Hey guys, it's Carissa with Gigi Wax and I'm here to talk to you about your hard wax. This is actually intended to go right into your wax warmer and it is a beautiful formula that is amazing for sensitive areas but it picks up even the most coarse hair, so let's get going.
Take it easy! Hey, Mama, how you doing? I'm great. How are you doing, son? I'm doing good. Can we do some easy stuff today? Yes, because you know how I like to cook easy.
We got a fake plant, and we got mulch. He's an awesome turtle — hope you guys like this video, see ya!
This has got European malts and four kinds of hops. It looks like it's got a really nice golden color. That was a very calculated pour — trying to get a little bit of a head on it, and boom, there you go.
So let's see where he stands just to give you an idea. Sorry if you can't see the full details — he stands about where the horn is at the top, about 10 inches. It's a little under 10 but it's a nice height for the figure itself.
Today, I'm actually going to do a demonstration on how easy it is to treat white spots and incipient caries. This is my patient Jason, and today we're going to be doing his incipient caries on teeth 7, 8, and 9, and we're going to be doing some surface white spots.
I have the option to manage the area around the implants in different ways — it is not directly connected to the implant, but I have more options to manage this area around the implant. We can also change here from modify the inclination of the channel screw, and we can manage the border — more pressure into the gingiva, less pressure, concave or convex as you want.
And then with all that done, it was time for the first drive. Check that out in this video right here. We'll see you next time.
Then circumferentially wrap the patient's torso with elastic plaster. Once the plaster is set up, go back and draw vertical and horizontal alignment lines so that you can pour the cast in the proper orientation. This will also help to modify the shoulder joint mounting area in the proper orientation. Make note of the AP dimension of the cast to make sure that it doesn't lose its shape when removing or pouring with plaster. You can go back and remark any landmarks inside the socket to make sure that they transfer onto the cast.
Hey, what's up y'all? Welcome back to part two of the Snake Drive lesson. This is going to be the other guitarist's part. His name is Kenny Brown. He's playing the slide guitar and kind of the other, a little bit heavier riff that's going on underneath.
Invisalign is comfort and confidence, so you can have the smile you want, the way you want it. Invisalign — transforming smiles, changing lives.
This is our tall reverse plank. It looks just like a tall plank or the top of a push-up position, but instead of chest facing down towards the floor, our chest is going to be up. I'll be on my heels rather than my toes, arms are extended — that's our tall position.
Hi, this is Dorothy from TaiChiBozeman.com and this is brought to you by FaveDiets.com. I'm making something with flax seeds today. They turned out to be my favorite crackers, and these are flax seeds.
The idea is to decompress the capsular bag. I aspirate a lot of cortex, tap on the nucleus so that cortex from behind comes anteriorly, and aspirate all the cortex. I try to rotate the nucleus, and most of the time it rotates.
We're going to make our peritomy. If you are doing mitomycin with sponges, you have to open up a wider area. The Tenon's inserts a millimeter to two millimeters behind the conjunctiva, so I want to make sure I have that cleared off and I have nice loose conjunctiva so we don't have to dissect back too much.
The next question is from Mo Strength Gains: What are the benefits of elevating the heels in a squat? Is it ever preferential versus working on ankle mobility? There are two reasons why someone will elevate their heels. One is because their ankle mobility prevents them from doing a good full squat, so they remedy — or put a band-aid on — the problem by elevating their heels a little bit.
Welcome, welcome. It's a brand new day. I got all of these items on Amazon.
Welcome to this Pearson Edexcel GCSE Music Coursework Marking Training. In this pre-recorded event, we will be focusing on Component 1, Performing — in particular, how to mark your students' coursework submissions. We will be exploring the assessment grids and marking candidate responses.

###

Could you restate word for word the lines above, from the one that contains "Today, I'm actually" through the one that contains "And then with", and no others?

→ Answer box
Today, I'm actually going to do a demonstration on how easy it is to treat white spots and incipient caries. This is my patient Jason, and today we're going to be doing his incipient caries on teeth 7, 8, and 9, and we're going to be doing some surface white spots.
I have the option to manage the area around the implants in different ways — it is not directly connected to the implant, but I have more options to manage this area around the implant. We can also change here from modify the inclination of the channel screw, and we can manage the border — more pressure into the gingiva, less pressure, concave or convex as you want.
And then with all that done, it was time for the first drive. Check that out in this video right here. We'll see you next time.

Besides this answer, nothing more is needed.